#### INFORMATION SUPPLIED ####
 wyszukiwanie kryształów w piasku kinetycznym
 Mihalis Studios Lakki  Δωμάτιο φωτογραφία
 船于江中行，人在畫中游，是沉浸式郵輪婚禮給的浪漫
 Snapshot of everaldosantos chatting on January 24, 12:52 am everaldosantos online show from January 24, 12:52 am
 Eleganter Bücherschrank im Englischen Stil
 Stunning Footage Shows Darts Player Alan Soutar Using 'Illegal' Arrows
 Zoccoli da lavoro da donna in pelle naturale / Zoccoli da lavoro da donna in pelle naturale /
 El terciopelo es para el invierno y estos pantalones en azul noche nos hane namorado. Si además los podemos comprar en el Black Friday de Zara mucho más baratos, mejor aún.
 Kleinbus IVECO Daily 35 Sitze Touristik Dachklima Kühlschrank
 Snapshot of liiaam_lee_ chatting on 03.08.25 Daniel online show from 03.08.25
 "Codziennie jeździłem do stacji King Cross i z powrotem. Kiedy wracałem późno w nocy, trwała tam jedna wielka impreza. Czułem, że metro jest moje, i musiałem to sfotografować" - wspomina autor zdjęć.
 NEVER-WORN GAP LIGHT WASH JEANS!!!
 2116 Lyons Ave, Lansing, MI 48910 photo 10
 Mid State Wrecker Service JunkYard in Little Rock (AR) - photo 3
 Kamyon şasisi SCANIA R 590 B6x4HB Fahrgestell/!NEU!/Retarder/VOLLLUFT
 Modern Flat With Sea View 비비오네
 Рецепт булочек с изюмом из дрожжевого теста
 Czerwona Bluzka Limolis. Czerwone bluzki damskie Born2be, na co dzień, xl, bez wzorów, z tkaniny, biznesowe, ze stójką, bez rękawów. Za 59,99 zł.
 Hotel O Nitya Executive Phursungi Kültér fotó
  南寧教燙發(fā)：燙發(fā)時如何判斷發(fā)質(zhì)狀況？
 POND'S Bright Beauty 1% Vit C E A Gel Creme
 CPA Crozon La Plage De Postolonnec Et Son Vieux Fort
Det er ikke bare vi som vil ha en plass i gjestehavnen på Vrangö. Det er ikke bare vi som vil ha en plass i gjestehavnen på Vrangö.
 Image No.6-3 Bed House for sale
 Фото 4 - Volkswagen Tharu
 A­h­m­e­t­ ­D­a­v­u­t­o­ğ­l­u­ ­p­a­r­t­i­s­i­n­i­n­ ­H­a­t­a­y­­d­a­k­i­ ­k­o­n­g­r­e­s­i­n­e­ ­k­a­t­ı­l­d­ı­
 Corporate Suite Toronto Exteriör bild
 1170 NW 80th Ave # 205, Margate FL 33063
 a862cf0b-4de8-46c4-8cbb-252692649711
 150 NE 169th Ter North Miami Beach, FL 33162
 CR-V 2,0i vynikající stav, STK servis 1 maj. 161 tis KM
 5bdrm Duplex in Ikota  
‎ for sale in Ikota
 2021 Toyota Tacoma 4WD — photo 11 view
####
▶ _BRIEF_: The response must hold only the lines above from the line with "på Vrangö. Det" through the line with "150 NE 169th Ter North Miami Beach, FL 33162", each copied exactly, both ends kept.

▶ _RESPONSE AREA_:
Det er ikke bare vi som vil ha en plass i gjestehavnen på Vrangö. Det er ikke bare vi som vil ha en plass i gjestehavnen på Vrangö.
 Image No.6-3 Bed House for sale
 Фото 4 - Volkswagen Tharu
 A­h­m­e­t­ ­D­a­v­u­t­o­ğ­l­u­ ­p­a­r­t­i­s­i­n­i­n­ ­H­a­t­a­y­­d­a­k­i­ ­k­o­n­g­r­e­s­i­n­e­ ­k­a­t­ı­l­d­ı­
 Corporate Suite Toronto Exteriör bild
 1170 NW 80th Ave # 205, Margate FL 33063
 a862cf0b-4de8-46c4-8cbb-252692649711
 150 NE 169th Ter North Miami Beach, FL 33162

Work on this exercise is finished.